行き過ぎた富のレベルが極度の貧困および剥奪と並んで存在することに対する太古からの道徳的議論が当然存在します。これは、富裕国および貧困国双方の大多数の人々に当てはまる基本的な倫理観であり、そして何千年もの間、霊的・宗教的哲学の根本理念となってきました。しかし、今日の経済的決定過程の悲しくも非道徳的枠組み内でさえ、新自由主義的政策が成長の利益を公平に分かち合うことができず、社会機構自体を弱体化する脅威を突きつける不平等レベルを現在もたらしていることは広く受け入れられています。
不平等の影響
近年、オックスファムは不平等の人間、経済、環境への影響について報告している数多くのオーガニゼーションの一つに過ぎません。そしてこの問題は、不平等に正面から取り組むことのできる2015年後の発展目標に関する討論の中心となってきました。短期的経済成長の追求が公共政策の聖杯となり続ける誤り導かれた世界のなかで、国際通貨基金でさえも、不平等が効率を阻害する可能性があることを認め始めています。「公平な分担」というタイトルの最新報告書のなかで、富裕国および途上国双方が革新的な租税と再分配 - 基本的に分かち合いの原理を表現した政策 - をもっと強調すべきことを示唆しました。
オックスファムの記者説明会で浮き彫りにされたのはまた、特に、お金と権力が買うことのできる政治的プロセスへの膨大な影響を通して極度の富が民主主義を破壊できる方法です。不平等を拡大し2008年の世界経済崩壊を最終的にもたらしたあの同じ新自由主義政策 - 市場贔屓の計略を追求するために政治家へのロビー活動をする金融産業と大企業によって、何千億ドルもが毎年費やされています。代表民主主義を蘇生させることは、政治的結果に偏った影響を与えるどのような少数派グループの能力をも抑制することが必然的に必要でしょう。それは同様に、この歪みを促進する可能がある極度の富を制限する必要があるかもしれません。
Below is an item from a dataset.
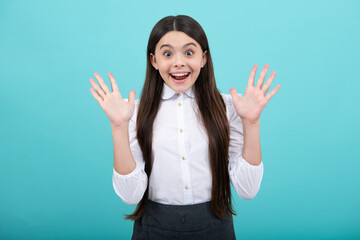 Excited face. Cute young teenager girl against a isolated background. Studio portrait of pretty beautiful child. Amazed expression, cheerful and glad.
地球の限界ある資源の公平な取り分を遥かに上回る量を富裕国が消費しているため、不平等を過度に強調する政策はまた環境劣化の主な促進者です。またオックスファムがプラネタリー・バウンダリー に関するディスカッションペーパーのなかで以前照らしだしたように、私たちが利用可能な資源をもっと公平に持続して分かち合わない限りそれは不可能でしょう。発展および環境政策の目標は、環境の限界を超えることなくすべての国の人々が基本的ニーズを確保できることを保証することでなければなりません。収束と公平性への急務を指すと同時に、その様な声明は、不平等を拡大する政策にとって膨大な意味合いをもちます。
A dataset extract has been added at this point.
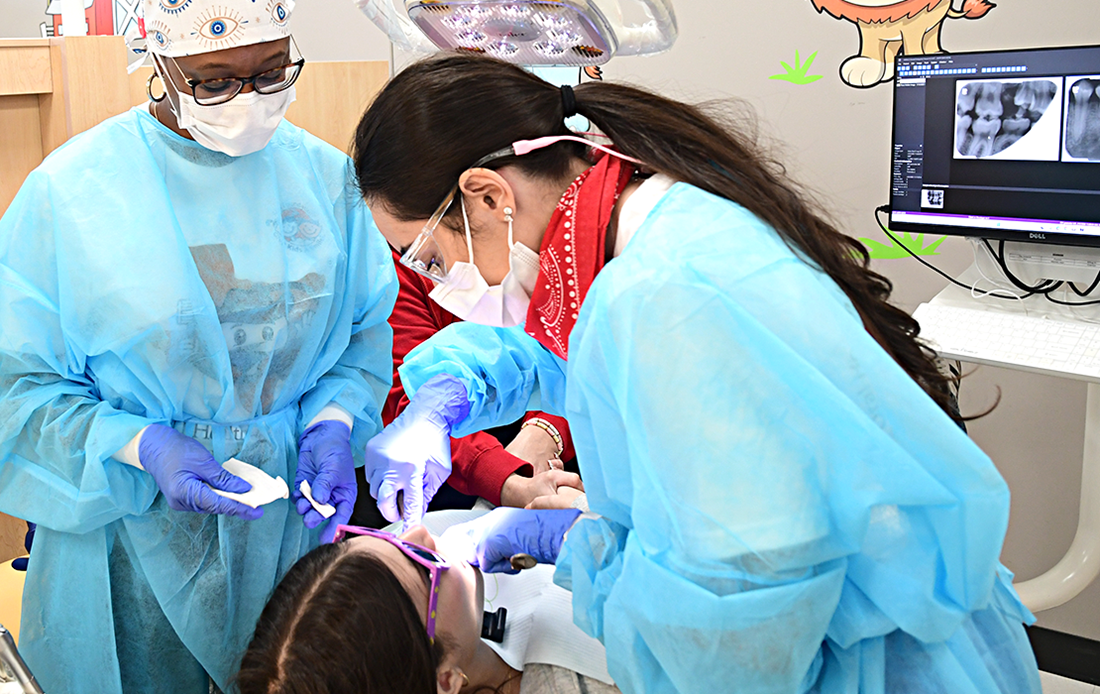 Dentist and assistant working on a young patient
2011年の歴史的出来事が証明したように、不平等は市民の暴力的動乱を引き起こすこともあります。何十年もの不平等と不正義の経験は最終的にアラブの春だけでなく、その同じ年に世界的なオキュパイ運動、スペイン、ギリシャ、イスラエルおよび他の国々で他の多くの自発的な公衆の抗議デモを引き起こしました。これらの公衆動員に携わった多くの人々は、キャンペーナーとアナリストが長い間警告してきた不平等の社会的結果を直に経験しました。有名な著書 The Spirit Level(日本語タイトル「平等社会 経済成長に代わる、次の目標」リチャード、ウィルキンソン【著】、ケイト・ピケット【著】、酒井泰介【訳】2010年4月、東洋経済新報社)のなかで明瞭に詳説されるように、犯罪や肥満から精神的健康に至るまで、不平等が社会的福利のおよそすべての指標に良くない影響を与えるということは現在広く受け入れられています。
明らかな対策としての分かち合い
2015年後の発展目標に関する話し合いにおいてであろうと、環境的に持続可能な経済構築の方法に関する提案においてであろうと、何十年もの新自由主義政策を撤廃し代わりに分かち合いと再分配の形態を強化する必要性を無視することは政策立案者にとってますます難しくなりつつあります。分かち合いの原理によって導かれた政策は、分かち合いのプロセス自体が個人主義的であるよりむしろ協力的であるため新自由主義的アジェンダにとって不利です。革新的租税システムならびに社会福祉や公共サービス提供など分かち合いシステムは連帯を築き、地域社会と国家を結びつけ、格差縮小を促進する力をもちます。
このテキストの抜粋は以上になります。